The grace of God, then, provides the means for man's redemption from sin, but man in sin must appropriate this means (the gospel) by hearing, learning, and believing it. This means that man is not passive but active in his salvation. For him to be otherwise is to make of him a mere machine, wholly without power to discern or choose between good and evil. If he is altogether passive he could not save himself if he would, and he would not if he could. In such condition if man is lost he cannot help it and if he is saved he cannot prevent it. If we deny man's activity in salvation we thereby deny his free moral agency, and if man, as God made him, is not a free moral agent with power to choose between good and evil and thereby determine his own eternal destiny, the entire Bible is useless. All its pleadings, overtures and invitations plus all its warnings, threats and commandments are but sounding brass and clanging cymbals -- they are empty, absurd and wasted.

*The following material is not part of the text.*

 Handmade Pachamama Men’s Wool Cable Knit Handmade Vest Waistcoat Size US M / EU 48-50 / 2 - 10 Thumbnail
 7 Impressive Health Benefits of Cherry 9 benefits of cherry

There is not one passage in the Bible which indicates man is not free to choose between good and evil, between God and Satan, between salvation and damnation. It is this one consideration which gives grace its efficacy as that grace is revealed in the gospel. The gospel is powerless to save him who refuses to believe it. It is God's chosen medium to save man who does believe it.

Grace and Works

"But," asks one, "does not Paul declare in Ephesians 2:8, 'By grace are ye saved through faith; and that not of yourselves: it is the gift of God: not of works, lest any man should boast'?" Indeed the Apostle so states, but instead of this passage teaching that salvation is of grace without man's activity, it affirms the exact opposite. Notice the expression "through faith." Salvation is "by grace through faith," not by grace without faith. The grace is God's part, in man's salvation, the faith is man's part.

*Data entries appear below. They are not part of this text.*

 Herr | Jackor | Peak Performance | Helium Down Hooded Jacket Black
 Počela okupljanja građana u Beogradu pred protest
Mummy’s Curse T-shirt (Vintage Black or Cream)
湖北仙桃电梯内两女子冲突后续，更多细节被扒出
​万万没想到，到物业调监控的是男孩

Then what about the expression: "that not of yourselves: it is the gift of God: not of works, lest any man should boast?" Obviously, though man is active in salvation his salvation comes neither through his own wisdom (I Corinthians 1:21), his own merit (Romans 3:9-19), nor his own works as is the clear implication of the passage before us. God does the saving, not man. Jehovah has designed the plan of salvation, has revealed it to man in the gospel, and has invited man to embrace it. When man in sin accepts the divine plan and conforms his life thereto, by virtue of this action he acknowledges his own inability to design and execute a plan for saving himself. Though he submits to the will of God, salvation is not of himself but of God; hence it is "not of works of righteousness which we have done, but according to His mercy he saved us" (Titus 3:5).

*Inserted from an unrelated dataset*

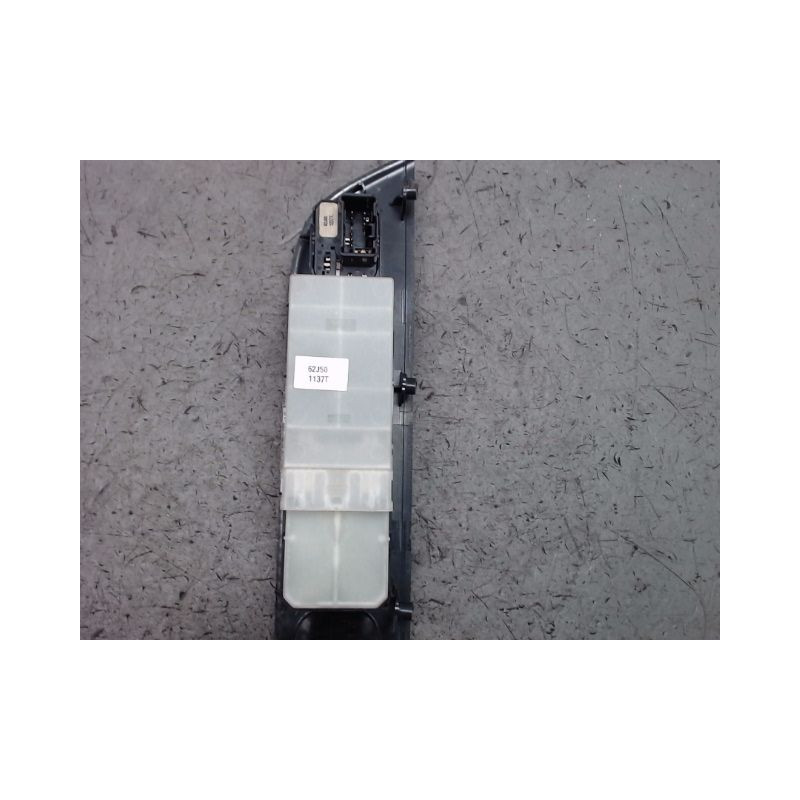 COMMANDE LEVE-GLACE PORTE AVG SUZUKI SWIFT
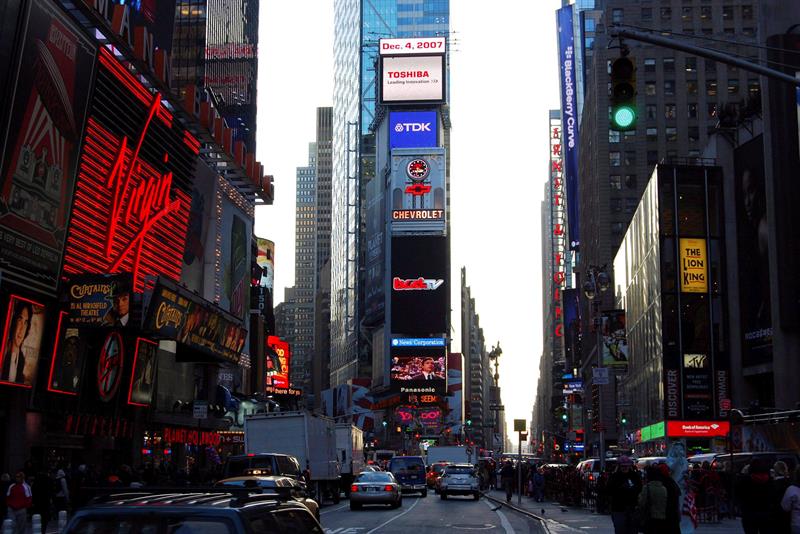  Toshiba tar bort sin Times Square-logotyp i New York fÃ¶r nedskÃ¤rningar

If finite man could save himself through his own wisdom or his own standard of righteousness he would have whereof to boast even before God. This is exactly what Paul declares in I Corinthians 1 man has not done and can never do. As indicated above, God designed and perfected the plan for man's redemption; hence, salvation is not and cannot be by the works of man apart form God's revelation and, therefore man cannot boast about his salvation.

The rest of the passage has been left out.